八幡は目を細めて、なんとも言い難い顔をしたが、すぐに目を閉じて首を振った。
「いいえ、その必要はありません。お気遣いだけで十分です。先生には、元気だったとだけ、お伝え下さい」
「本当に、いいのかよ」
鉱山の顔が心配そうにこちらを見ている。八幡は一瞬、言葉に詰まった。こういう、親身な気遣いをされると、弱いのだ。人の情愛に弱いのは、子どもの時分から続いている……。
「えぇ!」
八幡は、自分の心の同様を奮い立たせるように、できるだけ快活に応えた。
「彼と私は商売敵ですから。貴方がいれば、会う必要はない」
天井のランプが、再び、その射干玉の瞳の中で輝いた。冷淡な瞳は、やはりその底にある感情を何一つとして映さない。
鉱山は立ち上がって店の奥に控えていた店員を呼ぶ。
「おい!勘定頼むよ……あぁ、俺じゃない、この兄ちゃんにだよ」
やってきた店員に手を振って、八幡の方を指差す。そのついでに店員へなにか耳打ちをすると、店員は驚いたような顔で、再び店の奥へ引っ込んでしまった。

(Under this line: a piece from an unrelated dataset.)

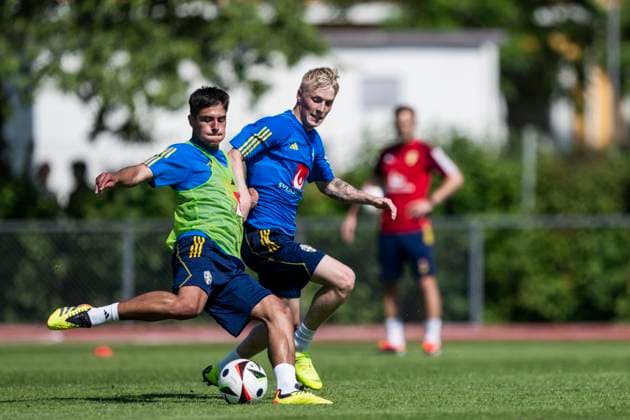240530 Matteo Perez Vinlöf and Melker Widell of the Swedish men s national football team during a training session on May 30, 2024 in Stockholm Photo Johanna Säll BILDBYRAN kod JL JL0383 fotboll football soccer fotball landskamp träning practice training sverige sweden sverige a bbeng  Copyright: JOHANNAxSÄLL BB240530BB439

不思議そうな顔をしている八幡に、鉱山が言葉をかける。
「じゃあ俺ちょっと厠行くから……出てくるまで待ってろよ。駅まで送ってやる」
八幡の顔は困惑から驚きに変わった。
「えぇッ……そんな、大丈夫ですよ!そこまでお気遣いを……」
その遠慮がちな声を無視するように、鉱山は厠があるのであろう店の奥へとズンズン進んでいく。奥のガラス戸の前まで行くと、鉱山は八幡を振り返った。
「そんな土産物の大荷物で官営様が出歩かれると、下々のものとして見苦しいんでねぇ!」
意地の悪い顔で笑うと、戸の中へ姿を消した。
相変わらず素直じゃない大人だ、八幡は微笑ましく思った。鉱山なりの好意の表し方なのだろう。商売敵であっても、鉱山も北九州の炭鉱の一人なのだ。なんだかんだ言いつつも、自分に対して一種の温情を持ってくれているのを八幡も感じていた。

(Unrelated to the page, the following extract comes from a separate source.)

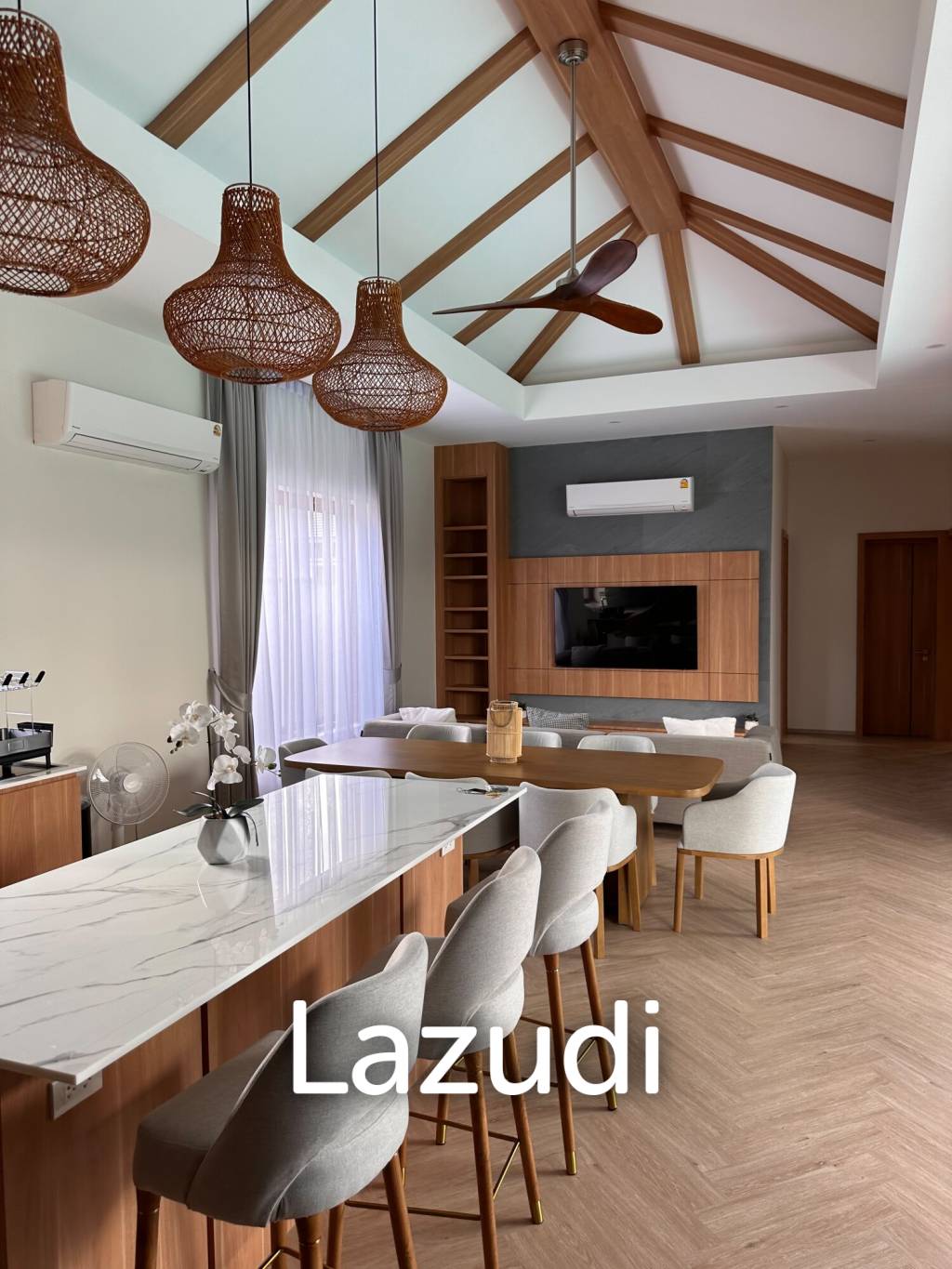 La Falice Pool Villa: 4 bedrooms 4 bath Pool Villa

あるいは、それが財閥の人間としての紳士ぶりと言うものかもしれないが。
八幡が勘定を済ませている間に、もう車がやってきたらしい。厠からでてきた鉱山が、店に伺ってきた車夫に声をかけると、二人で八幡の大荷物を抱えて街路の車へと運んでいった。八幡も釣り銭を受け取って、すぐにその後を追いかけていった。